The use of the camera creates a delicate relationship between the photographer and the subject that raises questions of desire, identity and exploitation. The Taxonomy of Desire explores these tensions in photography through the works of Emmanuel Angelicas, Karen Paulina Biswell, Larry Defelippi and Max Pam.
Emmanuel Angelicas' "subjects are varied, but always elliptically revolve around the human figure, the human body. Fertility ceremonies with phalluses in Japan, prostitution in late-night Bangkok, eccentric scenes in the Sydney suburb of Marrickville. It is true that in most of these he searches for a type of extreme intensity, not an inventive snapshot or a neutrally charged scene."
Karen Paulina Biswell says about her work "I never begin an investigation with the intention of exposing a particular social or political message. Rather, my work is autobiographical. This comes from my internal desire to explore the boundaries of human sentiments: vulnerability, strength, sexuality and authenticity."

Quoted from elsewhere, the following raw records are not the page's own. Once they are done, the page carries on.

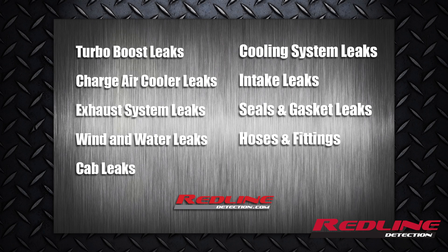Technicians are using HD PowerSmoke to find turbo boost leaks, charge air cooler leaks, exhaust system leaks, wind and water leaks, cab leaks, cooling system leaks, intake leaks, seals, gaskets, hoses, fittings, and a plethora of other components.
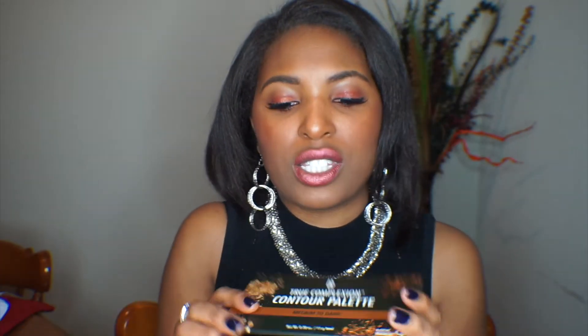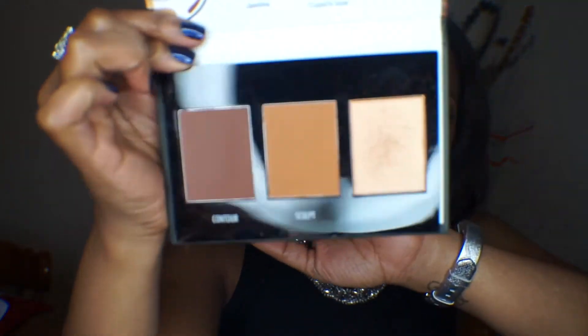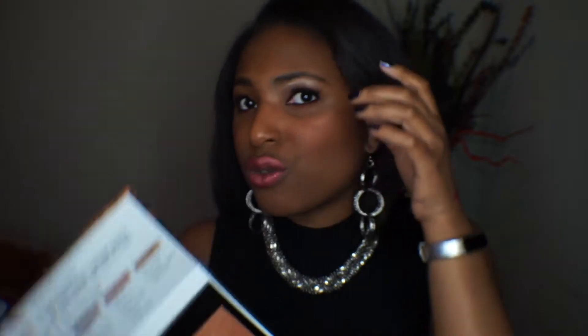The next product I really like this month is the True Complexion Contour Palette by Black Radiance. This palette is one of the first I've been able to find with a shade dark enough for me to contour with — I actually used it today. The highlighter in it is really pretty. I've been using this palette quite a bit since I got it, and I'm a huge fan. They also have two more shades for this palette. If you're a brown girl, a melanin-infused woman, try it out and you'll love it.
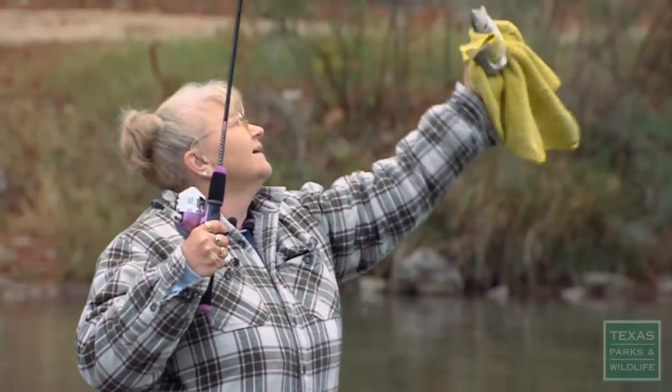We used to catch these in Canada — that's where I'm from. So this is a real treat for me.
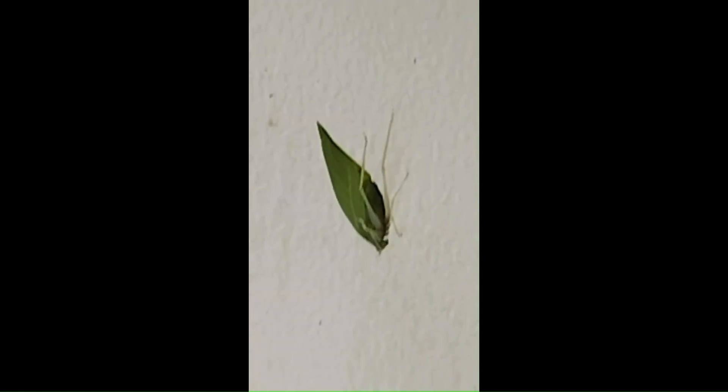It's a good thing it's on my window, because if that thing was on a tree I would never spot it. This is called, as you saw, an angular winged katydid. Officially. But you can call it lightning. I just call it a leaf bug.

Larry Defelippi's work has a certain "Murakami-esque game of sexual hide and seek punctuating the flow of his production. His interior life seemingly fashioned into a visual language of reflected and recollected emotive experience”
Max Pam's "photographs extend upon the tradition of the gazetteer; each photograph a record of an experience, a personal account of an encounter somewhere in the world. Each glimpse is part of an unfolding story rather than simply a record of a place observed. While travel underscores his production Pam’s photographs are not the accidental evidence of a tourist.”